## Excerpted records
____

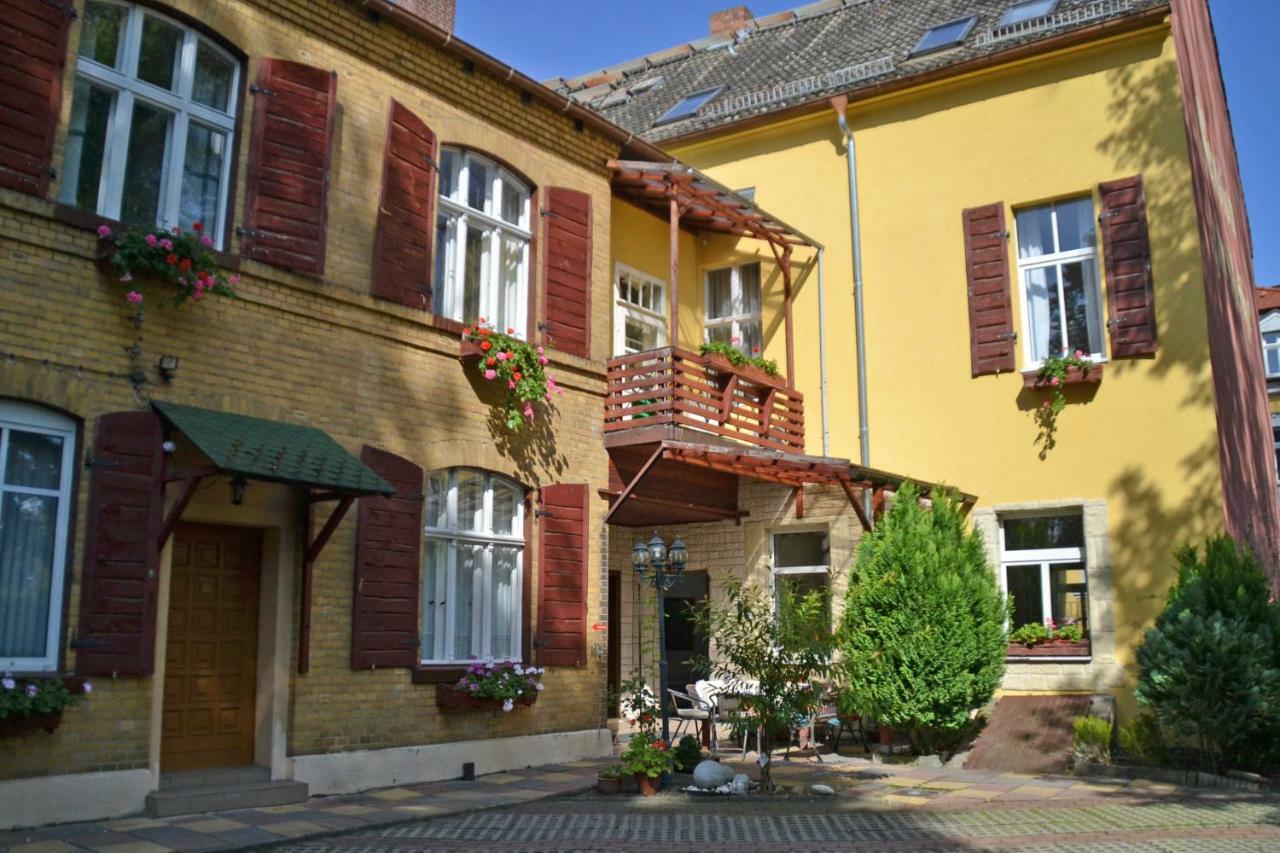 Pension Zur Neisse Guben Bagian luar foto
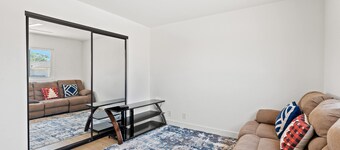 Luxe Spacious Home Near Parks Fully Equipped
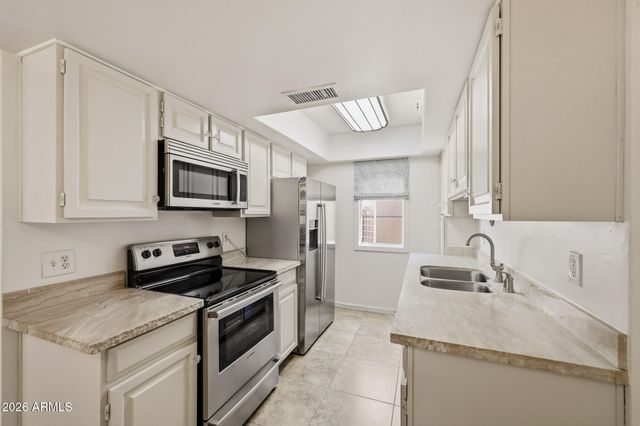 4540 N 44TH Street 3, Phoenix, AZ 85018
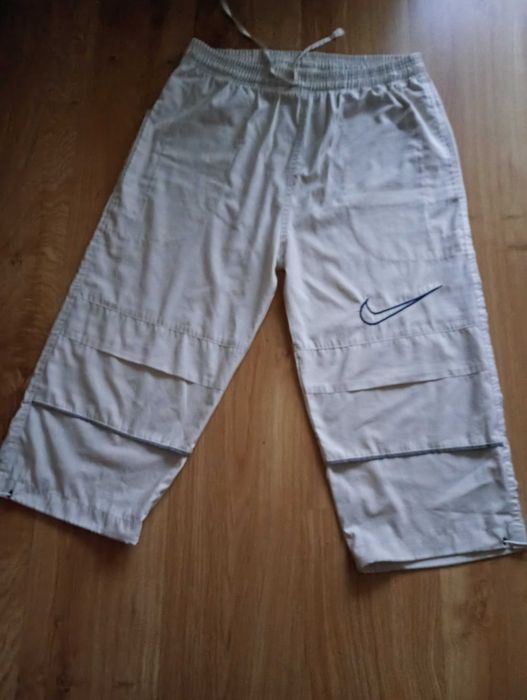 Spodnie sportowe firmy NIKE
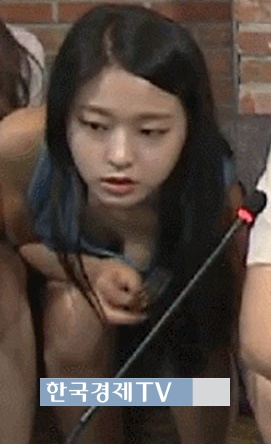 설현, 생방송 중 상의가 들썩..가슴골 포착 ‘남심쿵’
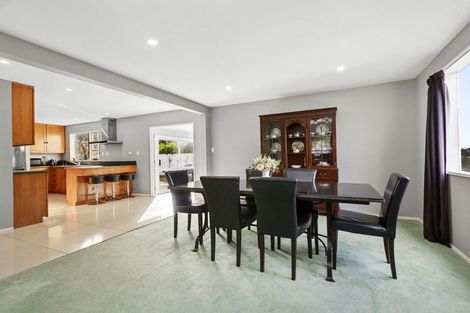 Photo of property in 7 Saint Hildas Glade, Tawa, Wellington, 5028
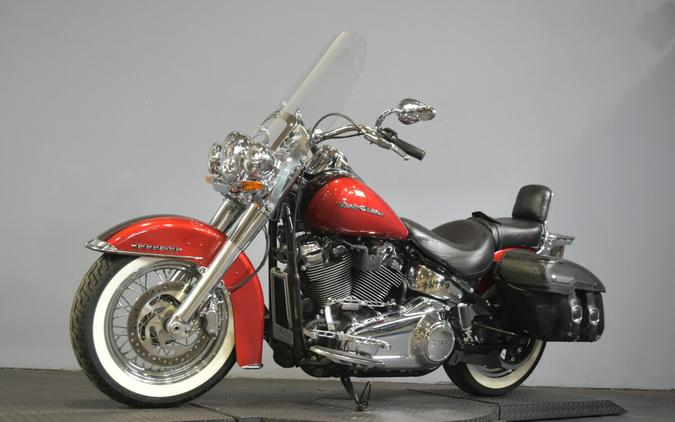 2019 Harley-Davidson Heritage Classic 114 Wicked Red/Twisted Cherry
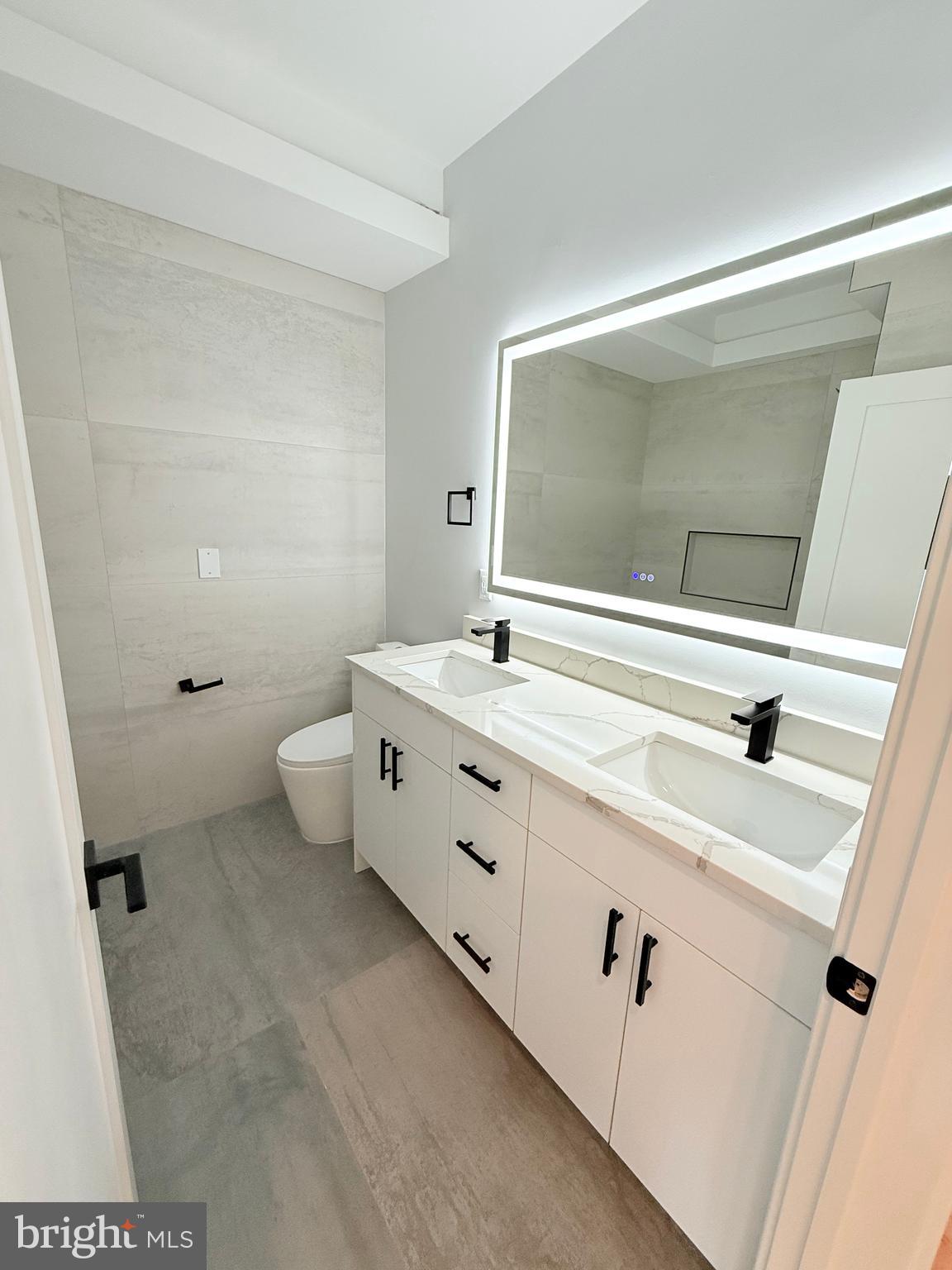 PORT RICHMOND - Residential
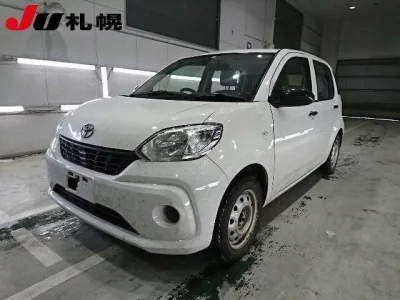 Toyota PASSO  с аукциона в Японии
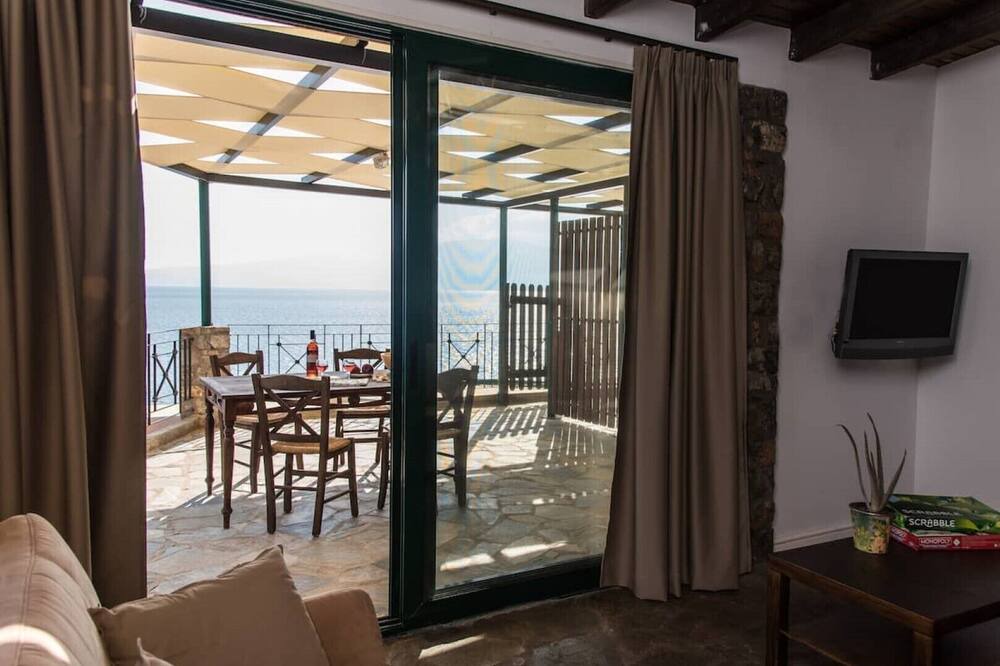 Photo of Livingroom in Phthiotis Region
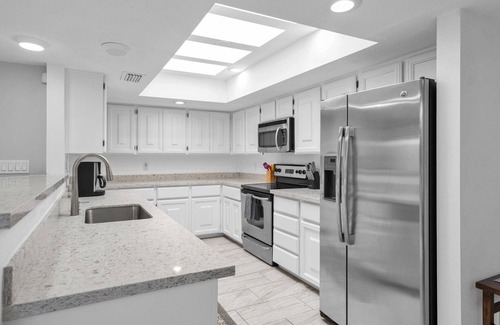 South Scottsdale House | Sun or Shade: Clean, 2 Patios. Enclosed Private Backyard, Pet Friendly, Family Friendly, Walkable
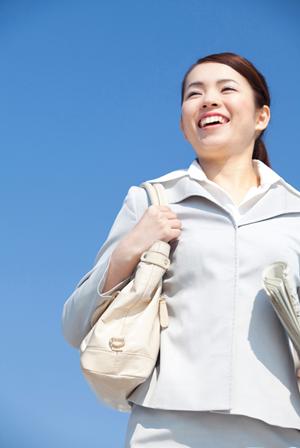 オリジナルポロシャツ作成ガイド｜コスト効率＆デザイン自由度で選ぶ最適サービス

____

## Directions
Extract, character for character, every line from the one that holds "4540 N 44TH Street 3, Phoenix, AZ 85018" through the end of the entries above. Include both boundary lines and no pictures.

## Answer
 4540 N 44TH Street 3, Phoenix, AZ 85018
 Spodnie sportowe firmy NIKE
 설현, 생방송 중 상의가 들썩..가슴골 포착 ‘남심쿵’
 Photo of property in 7 Saint Hildas Glade, Tawa, Wellington, 5028
 2019 Harley-Davidson Heritage Classic 114 Wicked Red/Twisted Cherry
 PORT RICHMOND - Residential
 Toyota PASSO  с аукциона в Японии
 Photo of Livingroom in Phthiotis Region
 South Scottsdale House | Sun or Shade: Clean, 2 Patios. Enclosed Private Backyard, Pet Friendly, Family Friendly, Walkable
 オリジナルポロシャツ作成ガイド｜コスト効率＆デザイン自由度で選ぶ最適サービス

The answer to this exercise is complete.